Your instructions — Go through the entries below and pick out every line with "City".
#####
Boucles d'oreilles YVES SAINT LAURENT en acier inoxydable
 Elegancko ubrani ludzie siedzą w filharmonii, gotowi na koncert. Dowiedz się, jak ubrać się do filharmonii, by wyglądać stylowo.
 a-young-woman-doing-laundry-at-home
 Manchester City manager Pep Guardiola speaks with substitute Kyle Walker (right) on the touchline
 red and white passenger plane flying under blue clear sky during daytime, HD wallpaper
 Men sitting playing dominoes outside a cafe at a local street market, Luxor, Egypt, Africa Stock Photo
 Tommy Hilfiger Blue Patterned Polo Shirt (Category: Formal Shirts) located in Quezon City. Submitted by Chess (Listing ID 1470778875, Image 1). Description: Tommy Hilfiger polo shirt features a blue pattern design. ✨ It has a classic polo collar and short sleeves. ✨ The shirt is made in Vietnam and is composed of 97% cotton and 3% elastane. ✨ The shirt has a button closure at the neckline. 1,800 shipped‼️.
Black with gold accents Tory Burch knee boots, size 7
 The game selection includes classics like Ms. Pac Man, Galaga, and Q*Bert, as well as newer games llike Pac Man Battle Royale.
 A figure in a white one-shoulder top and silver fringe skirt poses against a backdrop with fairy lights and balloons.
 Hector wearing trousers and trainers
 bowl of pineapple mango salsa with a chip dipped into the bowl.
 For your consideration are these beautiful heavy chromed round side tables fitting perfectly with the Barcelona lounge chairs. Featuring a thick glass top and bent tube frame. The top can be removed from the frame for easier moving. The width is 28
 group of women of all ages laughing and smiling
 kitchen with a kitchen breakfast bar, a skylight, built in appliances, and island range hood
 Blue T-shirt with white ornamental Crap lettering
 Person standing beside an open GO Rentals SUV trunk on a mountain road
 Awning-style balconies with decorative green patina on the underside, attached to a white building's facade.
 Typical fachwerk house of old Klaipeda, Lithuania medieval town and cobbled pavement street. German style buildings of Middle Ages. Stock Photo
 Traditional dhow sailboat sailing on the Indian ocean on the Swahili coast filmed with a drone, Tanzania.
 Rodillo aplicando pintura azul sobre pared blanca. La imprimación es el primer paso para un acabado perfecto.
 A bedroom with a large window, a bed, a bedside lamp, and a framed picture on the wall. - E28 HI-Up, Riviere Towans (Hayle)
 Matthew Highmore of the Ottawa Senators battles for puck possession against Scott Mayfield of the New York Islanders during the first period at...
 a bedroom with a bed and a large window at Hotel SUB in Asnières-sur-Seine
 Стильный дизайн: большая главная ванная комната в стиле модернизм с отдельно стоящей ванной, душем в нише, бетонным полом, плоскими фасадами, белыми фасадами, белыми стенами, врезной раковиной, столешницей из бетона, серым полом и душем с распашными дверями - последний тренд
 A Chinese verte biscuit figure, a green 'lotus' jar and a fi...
#####
Exercise output —
 Manchester City manager Pep Guardiola speaks with substitute Kyle Walker (right) on the touchline
 Tommy Hilfiger Blue Patterned Polo Shirt (Category: Formal Shirts) located in Quezon City. Submitted by Chess (Listing ID 1470778875, Image 1). Description: Tommy Hilfiger polo shirt features a blue pattern design. ✨ It has a classic polo collar and short sleeves. ✨ The shirt is made in Vietnam and is composed of 97% cotton and 3% elastane. ✨ The shirt has a button closure at the neckline. 1,800 shipped‼️.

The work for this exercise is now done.